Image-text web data
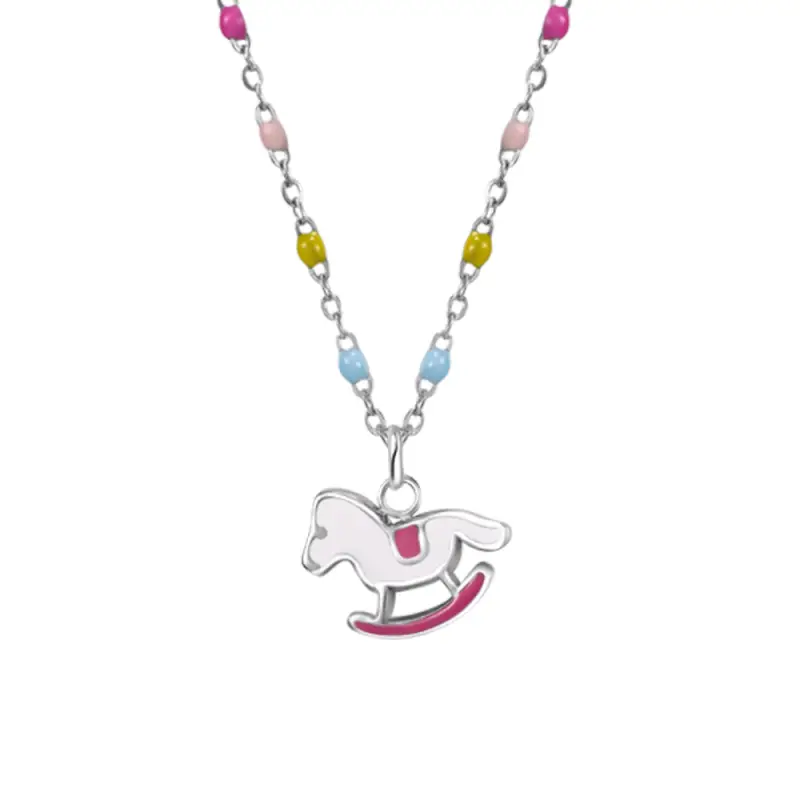 COLLANA IN ACCIAIO, CAVALLO A DONDOLO CON SMALTO ROSA E FUCSIA E PIETRE COLORATE miniatura 2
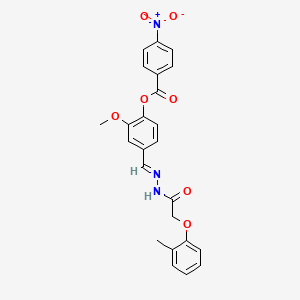 2-methoxy-4-[(E)-{2-[(2-methylphenoxy)acetyl]hydrazinylidene}methyl]phenyl 4-nitrobenzoate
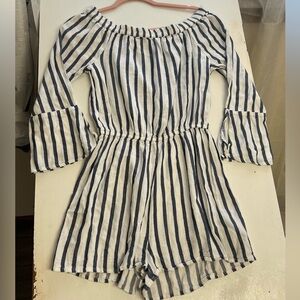 En Creme Navy and White Striped Off-Shoulder Romper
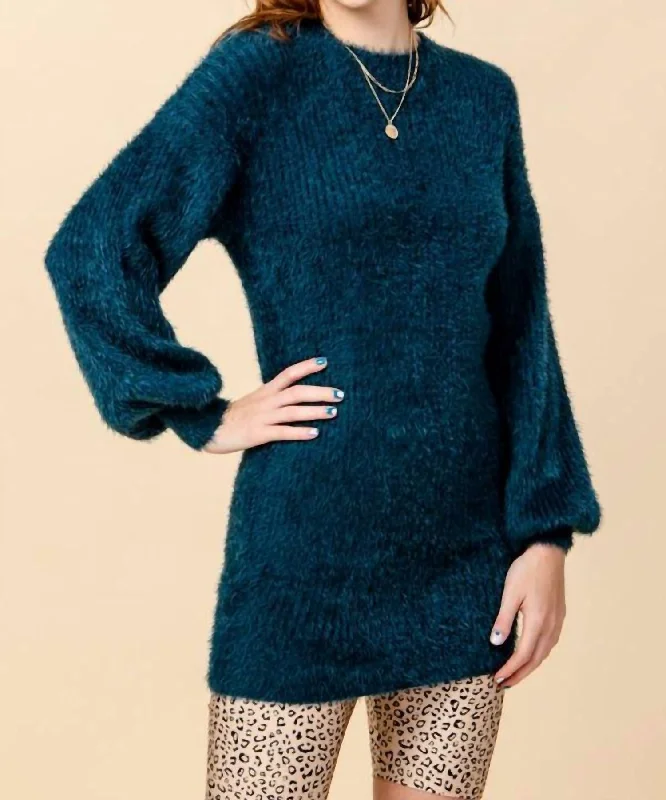 Fashion-forward Women's Clothing Puff Sleeve Knit Sweater Dress In Teal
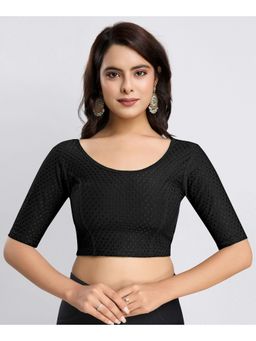 Trendmalls - Cotton Lycra Stretchable Comfy Round Neck Elbow Saree Black Blouse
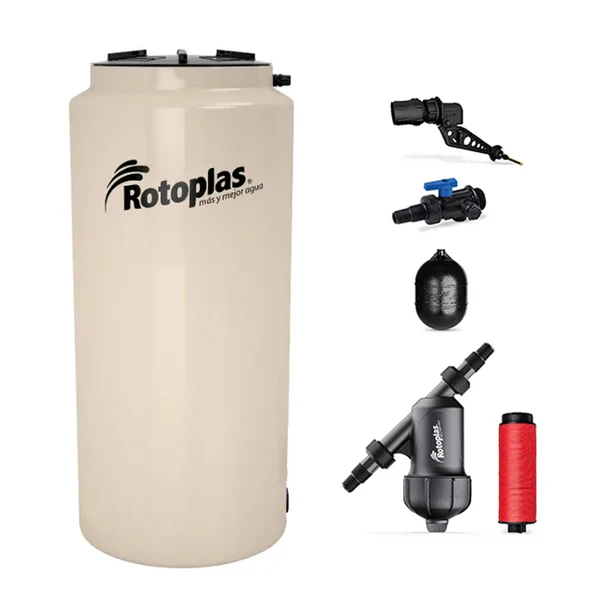 TINACO VERTICAL DE 1,000 LITROS TRICAPA(C/4 ACCESORIOS)ROTOPLAS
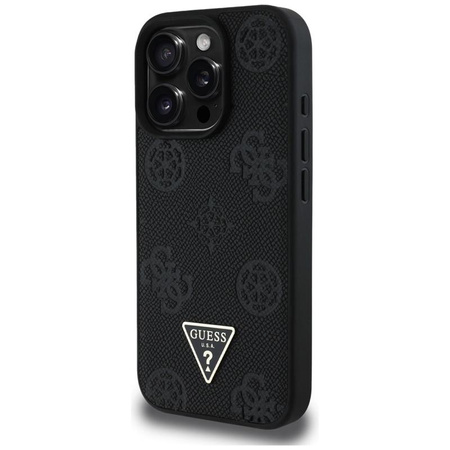 Guess Grained Hot Stamp Peony Triangle Logo MagSafe - Etui do iPhone 16 Pro (czarny)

PROBLEM STATEMENT
Restate each of the entries above word for word and skip every image.

RESULT BELOW
 COLLANA IN ACCIAIO, CAVALLO A DONDOLO CON SMALTO ROSA E FUCSIA E PIETRE COLORATE miniatura 2
 2-methoxy-4-[(E)-{2-[(2-methylphenoxy)acetyl]hydrazinylidene}methyl]phenyl 4-nitrobenzoate
 En Creme Navy and White Striped Off-Shoulder Romper
 Fashion-forward Women's Clothing Puff Sleeve Knit Sweater Dress In Teal
 Trendmalls - Cotton Lycra Stretchable Comfy Round Neck Elbow Saree Black Blouse
 TINACO VERTICAL DE 1,000 LITROS TRICAPA(C/4 ACCESORIOS)ROTOPLAS
 Guess Grained Hot Stamp Peony Triangle Logo MagSafe - Etui do iPhone 16 Pro (czarny)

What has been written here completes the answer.